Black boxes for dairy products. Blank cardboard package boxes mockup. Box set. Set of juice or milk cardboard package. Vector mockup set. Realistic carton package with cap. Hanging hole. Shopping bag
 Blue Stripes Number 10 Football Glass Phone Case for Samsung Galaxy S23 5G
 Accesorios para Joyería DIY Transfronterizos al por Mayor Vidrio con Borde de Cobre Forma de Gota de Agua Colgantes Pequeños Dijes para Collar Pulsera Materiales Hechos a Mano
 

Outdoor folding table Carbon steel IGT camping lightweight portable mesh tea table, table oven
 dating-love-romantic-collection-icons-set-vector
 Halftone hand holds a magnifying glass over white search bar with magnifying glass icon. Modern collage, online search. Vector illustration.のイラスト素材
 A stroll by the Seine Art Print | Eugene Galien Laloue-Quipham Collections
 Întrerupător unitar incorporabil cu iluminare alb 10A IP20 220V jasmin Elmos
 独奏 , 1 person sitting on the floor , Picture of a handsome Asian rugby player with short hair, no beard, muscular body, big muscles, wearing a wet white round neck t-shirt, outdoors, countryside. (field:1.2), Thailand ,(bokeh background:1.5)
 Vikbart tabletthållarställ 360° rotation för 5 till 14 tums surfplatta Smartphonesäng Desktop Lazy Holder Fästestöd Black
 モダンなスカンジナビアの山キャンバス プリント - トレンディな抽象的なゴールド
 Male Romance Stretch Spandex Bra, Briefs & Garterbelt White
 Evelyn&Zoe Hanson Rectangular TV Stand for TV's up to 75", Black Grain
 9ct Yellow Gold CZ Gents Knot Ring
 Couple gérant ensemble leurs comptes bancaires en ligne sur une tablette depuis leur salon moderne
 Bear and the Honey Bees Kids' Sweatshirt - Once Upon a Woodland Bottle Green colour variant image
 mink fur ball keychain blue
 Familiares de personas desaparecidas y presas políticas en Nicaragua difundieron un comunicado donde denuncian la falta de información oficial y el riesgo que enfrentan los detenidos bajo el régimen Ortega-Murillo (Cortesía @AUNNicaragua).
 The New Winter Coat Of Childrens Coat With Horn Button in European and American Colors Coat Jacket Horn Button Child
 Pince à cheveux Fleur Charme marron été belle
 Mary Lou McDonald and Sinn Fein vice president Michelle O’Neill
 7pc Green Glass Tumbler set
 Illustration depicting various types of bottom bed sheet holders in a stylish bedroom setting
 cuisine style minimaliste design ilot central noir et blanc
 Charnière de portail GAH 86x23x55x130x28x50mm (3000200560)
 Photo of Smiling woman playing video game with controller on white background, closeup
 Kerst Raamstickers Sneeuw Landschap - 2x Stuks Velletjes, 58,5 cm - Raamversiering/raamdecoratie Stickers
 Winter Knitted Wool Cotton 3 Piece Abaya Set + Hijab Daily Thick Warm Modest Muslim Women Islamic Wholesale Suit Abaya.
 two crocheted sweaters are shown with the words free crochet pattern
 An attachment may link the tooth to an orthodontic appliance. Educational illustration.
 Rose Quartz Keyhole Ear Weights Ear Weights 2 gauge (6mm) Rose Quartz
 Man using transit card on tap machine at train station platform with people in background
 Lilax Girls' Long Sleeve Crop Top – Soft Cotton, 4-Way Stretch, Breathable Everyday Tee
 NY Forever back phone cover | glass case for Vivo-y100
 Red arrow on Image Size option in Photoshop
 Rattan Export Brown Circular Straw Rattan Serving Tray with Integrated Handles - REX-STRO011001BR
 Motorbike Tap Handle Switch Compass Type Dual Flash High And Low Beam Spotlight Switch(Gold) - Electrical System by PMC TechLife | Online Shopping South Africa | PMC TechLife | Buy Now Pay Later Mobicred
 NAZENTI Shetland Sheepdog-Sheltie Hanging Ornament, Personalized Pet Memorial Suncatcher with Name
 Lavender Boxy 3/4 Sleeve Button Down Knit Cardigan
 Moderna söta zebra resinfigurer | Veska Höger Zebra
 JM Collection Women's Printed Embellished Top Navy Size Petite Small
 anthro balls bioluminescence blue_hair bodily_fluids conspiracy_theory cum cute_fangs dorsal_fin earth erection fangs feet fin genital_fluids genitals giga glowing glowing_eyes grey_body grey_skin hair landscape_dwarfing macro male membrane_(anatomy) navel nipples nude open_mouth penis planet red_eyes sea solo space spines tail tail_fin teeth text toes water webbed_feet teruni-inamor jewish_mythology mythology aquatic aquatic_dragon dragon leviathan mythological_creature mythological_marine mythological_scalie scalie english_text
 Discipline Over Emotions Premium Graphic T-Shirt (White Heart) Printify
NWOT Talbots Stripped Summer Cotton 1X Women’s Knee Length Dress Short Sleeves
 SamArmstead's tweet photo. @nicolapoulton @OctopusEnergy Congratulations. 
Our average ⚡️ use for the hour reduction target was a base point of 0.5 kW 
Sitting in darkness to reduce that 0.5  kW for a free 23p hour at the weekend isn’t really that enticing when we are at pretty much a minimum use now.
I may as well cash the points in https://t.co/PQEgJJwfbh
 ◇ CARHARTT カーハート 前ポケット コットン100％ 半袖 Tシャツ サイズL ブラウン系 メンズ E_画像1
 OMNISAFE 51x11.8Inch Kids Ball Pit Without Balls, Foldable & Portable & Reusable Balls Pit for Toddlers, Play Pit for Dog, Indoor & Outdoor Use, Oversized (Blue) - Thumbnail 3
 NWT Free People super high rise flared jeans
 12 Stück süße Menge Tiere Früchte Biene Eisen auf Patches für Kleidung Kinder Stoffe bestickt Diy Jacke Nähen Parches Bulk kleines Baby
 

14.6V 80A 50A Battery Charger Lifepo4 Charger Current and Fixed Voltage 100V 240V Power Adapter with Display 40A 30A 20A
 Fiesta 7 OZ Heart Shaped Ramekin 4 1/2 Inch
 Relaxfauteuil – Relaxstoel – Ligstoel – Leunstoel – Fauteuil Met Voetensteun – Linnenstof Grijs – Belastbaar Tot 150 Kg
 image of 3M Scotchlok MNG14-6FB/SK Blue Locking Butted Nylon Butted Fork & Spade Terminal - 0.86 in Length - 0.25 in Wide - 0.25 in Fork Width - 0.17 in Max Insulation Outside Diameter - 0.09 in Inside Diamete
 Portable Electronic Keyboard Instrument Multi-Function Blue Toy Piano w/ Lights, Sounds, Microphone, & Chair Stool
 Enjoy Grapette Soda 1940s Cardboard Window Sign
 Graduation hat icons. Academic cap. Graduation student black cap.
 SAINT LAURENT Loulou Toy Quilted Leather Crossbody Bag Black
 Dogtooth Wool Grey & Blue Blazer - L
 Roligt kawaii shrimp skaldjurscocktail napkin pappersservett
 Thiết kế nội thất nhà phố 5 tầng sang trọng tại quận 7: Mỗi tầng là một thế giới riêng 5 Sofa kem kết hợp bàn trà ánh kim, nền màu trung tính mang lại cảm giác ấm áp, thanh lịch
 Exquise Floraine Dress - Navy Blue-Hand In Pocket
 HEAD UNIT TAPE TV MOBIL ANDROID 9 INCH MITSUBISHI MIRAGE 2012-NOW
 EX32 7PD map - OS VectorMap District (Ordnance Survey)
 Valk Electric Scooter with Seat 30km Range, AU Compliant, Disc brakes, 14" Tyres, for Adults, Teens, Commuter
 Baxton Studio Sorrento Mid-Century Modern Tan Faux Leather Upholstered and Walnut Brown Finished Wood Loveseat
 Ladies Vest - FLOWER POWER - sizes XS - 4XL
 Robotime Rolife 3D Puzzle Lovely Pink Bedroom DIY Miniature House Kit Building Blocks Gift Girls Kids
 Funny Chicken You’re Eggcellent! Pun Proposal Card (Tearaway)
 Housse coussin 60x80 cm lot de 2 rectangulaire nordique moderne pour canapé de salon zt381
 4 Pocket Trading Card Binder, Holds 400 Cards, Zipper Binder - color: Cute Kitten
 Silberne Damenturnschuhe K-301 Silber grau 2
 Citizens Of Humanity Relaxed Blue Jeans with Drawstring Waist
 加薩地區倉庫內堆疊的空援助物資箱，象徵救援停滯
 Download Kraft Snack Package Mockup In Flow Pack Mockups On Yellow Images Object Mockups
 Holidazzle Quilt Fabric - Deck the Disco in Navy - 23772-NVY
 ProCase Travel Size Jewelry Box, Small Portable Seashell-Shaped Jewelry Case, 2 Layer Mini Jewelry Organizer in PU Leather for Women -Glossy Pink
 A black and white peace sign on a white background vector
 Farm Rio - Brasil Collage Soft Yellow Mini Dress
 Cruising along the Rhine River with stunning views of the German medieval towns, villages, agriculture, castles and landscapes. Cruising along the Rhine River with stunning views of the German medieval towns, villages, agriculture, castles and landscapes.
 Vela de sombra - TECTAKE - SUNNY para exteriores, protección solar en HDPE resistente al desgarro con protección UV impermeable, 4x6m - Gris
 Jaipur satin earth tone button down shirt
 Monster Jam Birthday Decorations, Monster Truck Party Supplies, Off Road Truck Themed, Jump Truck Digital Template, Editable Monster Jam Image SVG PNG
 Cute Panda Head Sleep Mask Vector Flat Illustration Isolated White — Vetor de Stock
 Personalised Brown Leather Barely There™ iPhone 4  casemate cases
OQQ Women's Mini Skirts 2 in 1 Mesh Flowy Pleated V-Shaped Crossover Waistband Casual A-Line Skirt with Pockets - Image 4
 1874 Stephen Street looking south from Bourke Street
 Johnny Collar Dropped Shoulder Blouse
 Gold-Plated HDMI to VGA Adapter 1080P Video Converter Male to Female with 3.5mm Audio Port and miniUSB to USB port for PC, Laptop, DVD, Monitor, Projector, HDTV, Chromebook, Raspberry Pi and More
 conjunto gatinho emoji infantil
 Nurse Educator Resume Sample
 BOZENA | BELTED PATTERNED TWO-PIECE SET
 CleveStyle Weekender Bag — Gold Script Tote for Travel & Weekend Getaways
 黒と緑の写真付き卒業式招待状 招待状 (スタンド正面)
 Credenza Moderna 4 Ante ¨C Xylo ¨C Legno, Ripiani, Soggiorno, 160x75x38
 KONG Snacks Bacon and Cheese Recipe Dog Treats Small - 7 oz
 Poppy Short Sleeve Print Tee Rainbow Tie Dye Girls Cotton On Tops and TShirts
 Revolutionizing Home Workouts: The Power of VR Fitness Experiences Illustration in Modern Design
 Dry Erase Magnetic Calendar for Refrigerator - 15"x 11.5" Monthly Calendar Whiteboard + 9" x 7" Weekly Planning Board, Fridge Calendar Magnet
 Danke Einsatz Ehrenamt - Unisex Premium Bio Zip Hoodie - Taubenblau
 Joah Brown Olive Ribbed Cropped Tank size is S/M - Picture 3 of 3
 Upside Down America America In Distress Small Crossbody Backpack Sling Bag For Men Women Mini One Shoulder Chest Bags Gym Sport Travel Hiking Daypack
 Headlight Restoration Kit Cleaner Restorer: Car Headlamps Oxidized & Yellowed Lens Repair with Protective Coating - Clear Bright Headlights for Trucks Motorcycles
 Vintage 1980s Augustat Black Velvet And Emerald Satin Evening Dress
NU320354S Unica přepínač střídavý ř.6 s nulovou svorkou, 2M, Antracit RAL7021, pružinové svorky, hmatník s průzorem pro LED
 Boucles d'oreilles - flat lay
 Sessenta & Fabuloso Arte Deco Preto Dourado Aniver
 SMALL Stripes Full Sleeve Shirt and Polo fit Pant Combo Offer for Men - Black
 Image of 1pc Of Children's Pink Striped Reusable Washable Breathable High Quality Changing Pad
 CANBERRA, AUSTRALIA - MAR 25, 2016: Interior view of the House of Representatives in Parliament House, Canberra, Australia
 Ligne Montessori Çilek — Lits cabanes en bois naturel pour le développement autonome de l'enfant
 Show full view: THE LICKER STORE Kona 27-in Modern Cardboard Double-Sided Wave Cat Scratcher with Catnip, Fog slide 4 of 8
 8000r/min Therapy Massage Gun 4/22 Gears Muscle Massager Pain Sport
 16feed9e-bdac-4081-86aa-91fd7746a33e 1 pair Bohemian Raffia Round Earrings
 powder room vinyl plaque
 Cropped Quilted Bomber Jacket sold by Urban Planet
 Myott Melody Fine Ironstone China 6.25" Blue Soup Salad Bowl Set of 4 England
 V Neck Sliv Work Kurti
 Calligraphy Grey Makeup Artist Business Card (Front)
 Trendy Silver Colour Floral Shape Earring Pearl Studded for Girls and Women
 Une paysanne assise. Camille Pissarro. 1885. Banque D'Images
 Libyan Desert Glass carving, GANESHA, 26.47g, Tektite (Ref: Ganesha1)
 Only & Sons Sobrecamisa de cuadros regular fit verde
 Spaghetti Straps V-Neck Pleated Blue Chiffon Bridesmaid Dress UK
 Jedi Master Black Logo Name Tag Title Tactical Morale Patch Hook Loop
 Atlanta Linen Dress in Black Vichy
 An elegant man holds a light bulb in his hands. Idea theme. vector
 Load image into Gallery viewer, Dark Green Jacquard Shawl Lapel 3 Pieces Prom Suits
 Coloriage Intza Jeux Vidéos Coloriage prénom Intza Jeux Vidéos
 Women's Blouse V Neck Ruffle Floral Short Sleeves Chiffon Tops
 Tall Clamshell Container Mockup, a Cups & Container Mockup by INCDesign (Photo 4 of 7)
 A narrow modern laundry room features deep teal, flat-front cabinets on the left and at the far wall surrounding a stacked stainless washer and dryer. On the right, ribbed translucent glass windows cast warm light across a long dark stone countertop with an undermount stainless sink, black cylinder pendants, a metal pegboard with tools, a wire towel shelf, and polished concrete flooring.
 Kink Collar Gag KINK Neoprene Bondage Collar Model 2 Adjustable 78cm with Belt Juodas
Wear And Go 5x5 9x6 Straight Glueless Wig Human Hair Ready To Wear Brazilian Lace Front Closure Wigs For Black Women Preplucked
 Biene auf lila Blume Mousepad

----

» **EXERCISE DIRECTIONS**
Copy exactly the lines above, starting at the opening line and finishing at the line in which "Blue Stripes Number" occurs.

» **ANSWER BOX**
Black boxes for dairy products. Blank cardboard package boxes mockup. Box set. Set of juice or milk cardboard package. Vector mockup set. Realistic carton package with cap. Hanging hole. Shopping bag
 Blue Stripes Number 10 Football Glass Phone Case for Samsung Galaxy S23 5G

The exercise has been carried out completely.